CPSC 220 Fall 2002
Program 5: Enhancing your Search Engine
Overview
In this part of the project you will enhance your search engine. You
must do Enhancement #1 and at least one of Enhancements #2 and #3;
you may do the other
as well for extra credit. You may also enhance your engine in other
ways for possible extra credit.
Enhancement #1: "Marking" Nodes in the BFS
In Program 4, you essentially used a breadth-first search of the Web to
find web pages to scan. However, you were not required to "mark" pages
that you had visited, so when a page that had already been processed was
dequeued it would be processed again. Clearly, this is unacceptable.
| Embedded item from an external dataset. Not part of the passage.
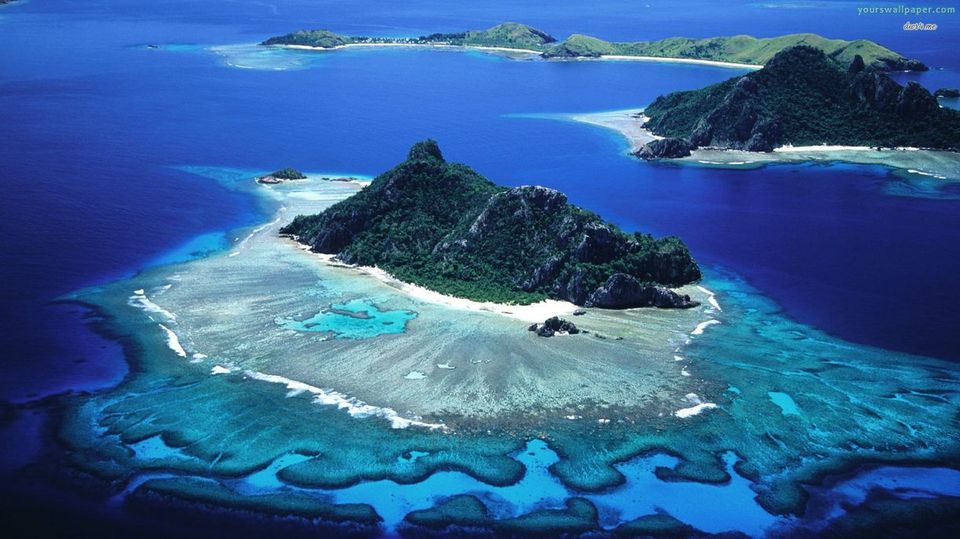 Photo of 10 Places To Visit AFTER a Breakup! 8/10 by Caroline Felicia D'Almeida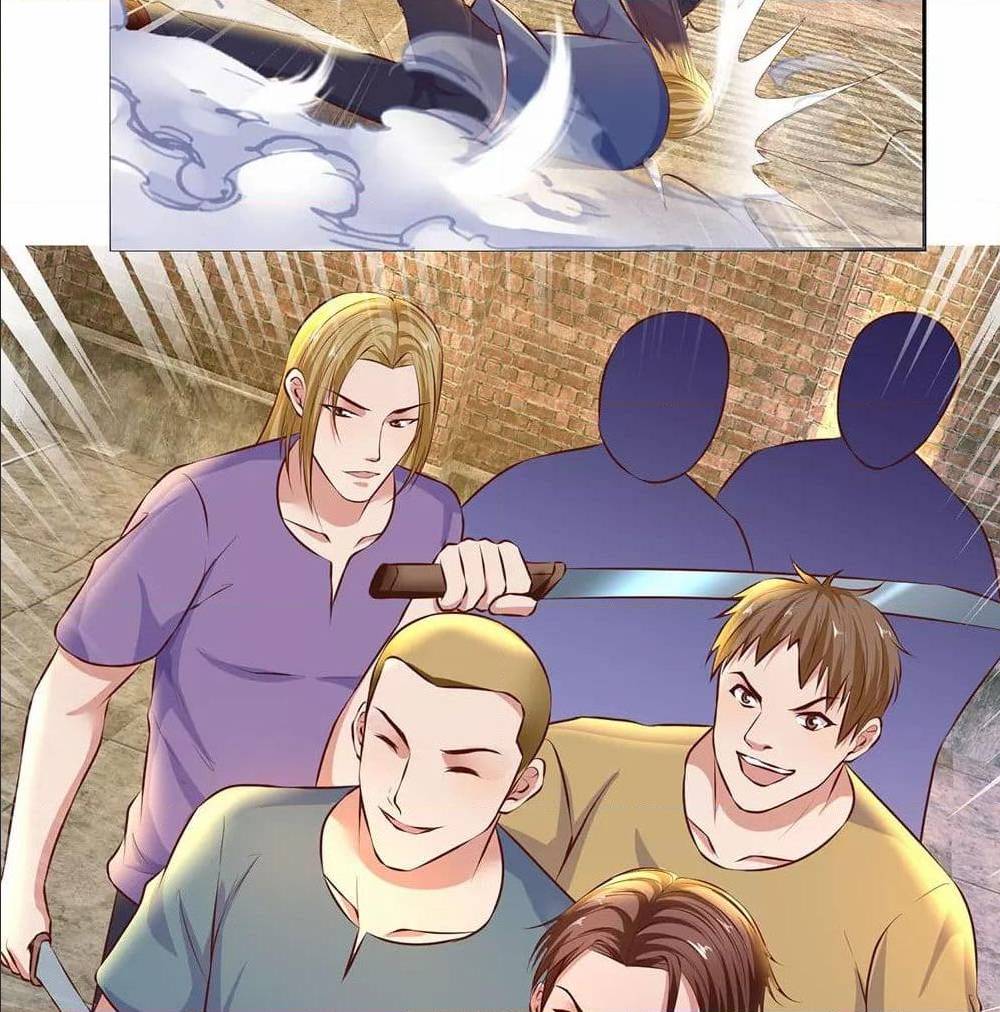 เธญเนเธฒเธ The Legend God of War in The City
Modify your program so that a) it does not enqueue a URL if it has already
been processed, and b) when it dequeues a URL, it checks to see if it
has already been processed before processing it again. One way to
do this is by using a
simple (if inefficient) linear search of the vector holding the
URLContent objects.
Enhancement #2: A Graphical User Interface
Add a GUI front end to your search engine that has the following components:
- An input box where the user types a query.
- A display area where the URLs that are most relevant to the query are
listed.
- Another display area where the web page with the highest
relevance is displayed.
- Another input box where the user can enter a URL (presumably taken
from the list displayed) and the corresponding web page will replace the
one currently in the web page display area.
This is not as hard as it sounds, but it takes some putting together.
Getting your GUI to display web pages and to display search result
strings is easy if you use the JEditorPane's setPage and setText methods.
There is a good tutorial that demonstrates this and other relevant
features (scroll bars, etc); start by reading it at
http://www.javasoft.com/docs/books/tutorial/uiswing/components/simpletext.html.
You can get most of what you need just by trying out and studying the example
(TextSamplerDemoHelp.java).
Don't forget to
import javax.swing.*, javax.swing.text.*, java.awt.*, and java.awt.event.*.
Enhancement #3: An Efficient BFS
The linear search described in #1 to determine whether a URL has already
been processed is simple but inefficient. Remedy this by
using a hash table instead, which (under favorable circumstances) will
give constant instead of linear time lookup. You will need to write
a HashTable class that uses the bucket hashing technique described
in class and in the text to hash Strings (or URLs, if you prefer).
The hash function can be
simple but should have a reasonable likelihood of avoiding collisions.
Collaboration
Unlike on most programs in this class, you may discuss this project with
other members of the class. You may not EVER take code directly from
someone else or turn in work that is substantially someone else's as your
own, but you may ask each other questions and work together in developing
solutions. Each student should turn in his or her own final product.
What to Turn In
Turn in hardcopy of the following:
- Every class that you wrote for the project that you are using in
this final version.
- A list of the classes that you are using from the cs220proj package.
- A list of enhancements that you made to your search engine that you
would like to submit for extra credit.
- A list of known bugs in your search engine. Bugs that I find that
are not on this list will be penalized more heavily than those that are.
Also tar your directory and e-mail it to bloss@roanoke.edu.
The subject should be
cpsc220 prog5.